20140405_132146Altra zona dove ritengo si possano trovare vini di ottimo rapporto qualità/prezzo sono i Colli Euganei, e me ne da la conferma Il Vignale di Cecilia, piccola cantina in quel di Baone. Meritevoli tutti gli assaggi, con note di merito per il loro Carmenere, Il Moro 2010, dai toni erbacei e fumè, confrutti rossi ben nitidi, si esprime benissimo al palato, con beva davvero godibile, che in bocca lascia frutto, tabacco, rabarbaro, e tanta voglia di berne ancora, con tannini ben dosati e bell’equilibrio. Più complesso il Passacaglia 2009, da uve Merlot, Cabernet e Barbera, che offre sentori complessi e ben assortiti, con cipria talco, fragola, alloro, ginepro e note ematiche.
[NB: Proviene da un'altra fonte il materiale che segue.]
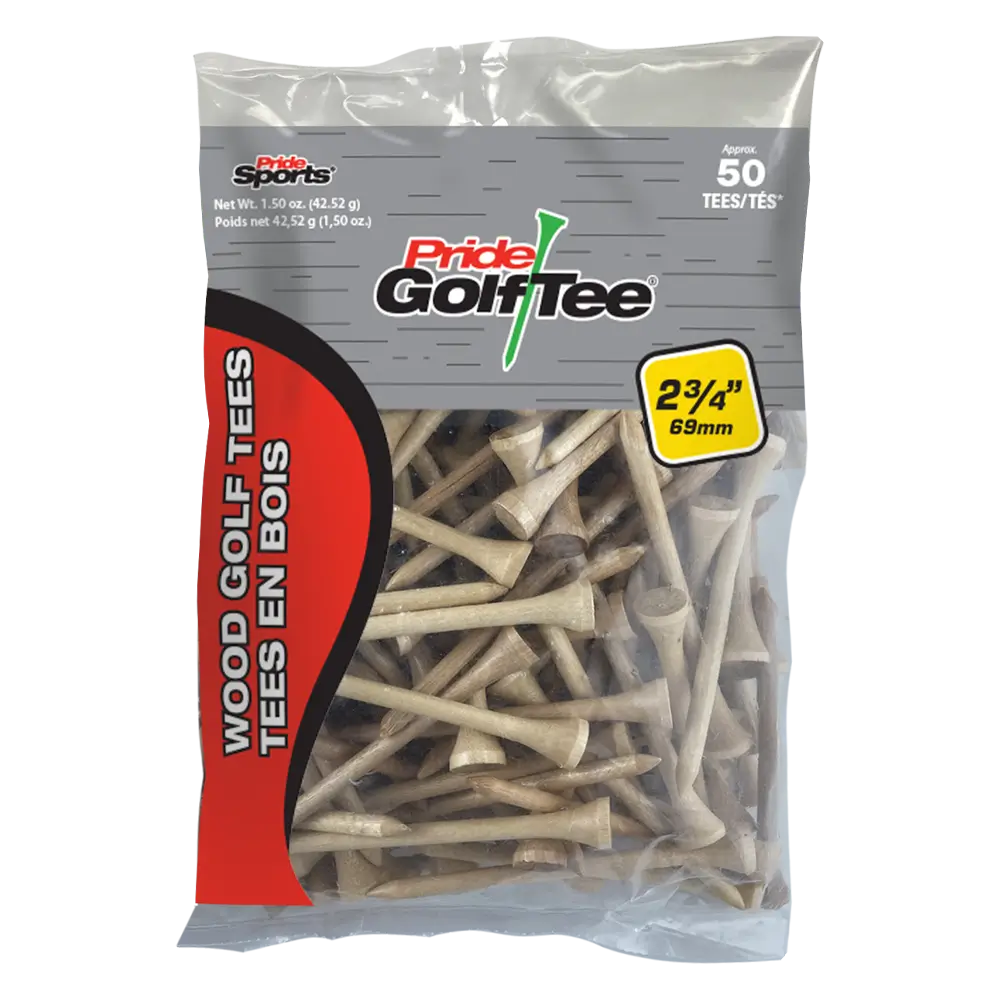 50 count bag of 2 ¾" Pride Golf Tee® Packs.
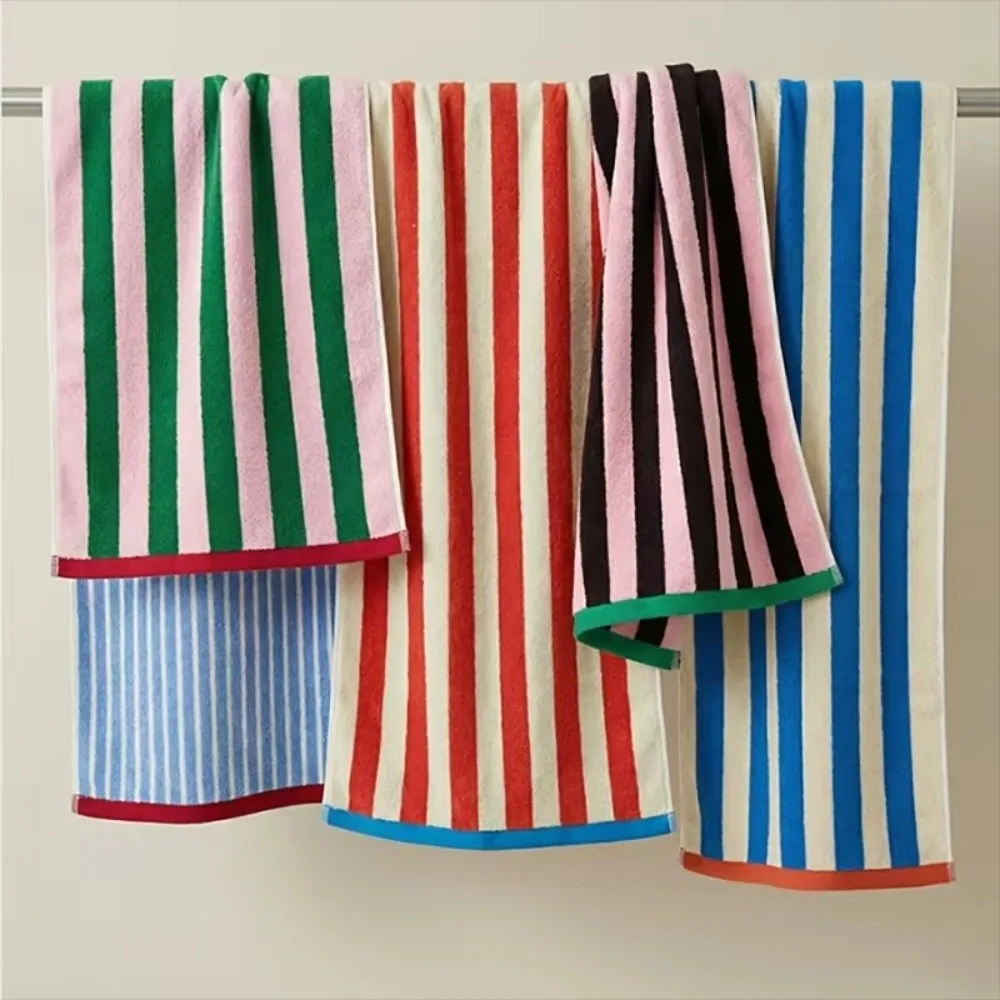 Autumn Winter Striped Bath Towel Cotton Washed Washcloth Absorbent Soft Bathroom Towels For Man Women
E’ un vino pronto, con tannino ancora in evidenza, fitto ma un po’ spigoloso, da ammorbidire un po’ col riposo in bottiglia, garantito da ottima spalla acida e buon corpo. Già lungo il suo finale, finemente ammandorlato.

Questi e tanti altri produttori hanno allietato la giornata con i loro assaggi, e infine con la serata che li ha visti tutti attorno ai tavoli nelle sale della Villa, per la cena, cui ho potuto partecipare come rappresentante della stampa (che onore!). Bellissima esperienza, che mi ha fatto conoscere persone interessanti e simpatiche che mi fanno amare ancora di più questo fantastico mondo del vino.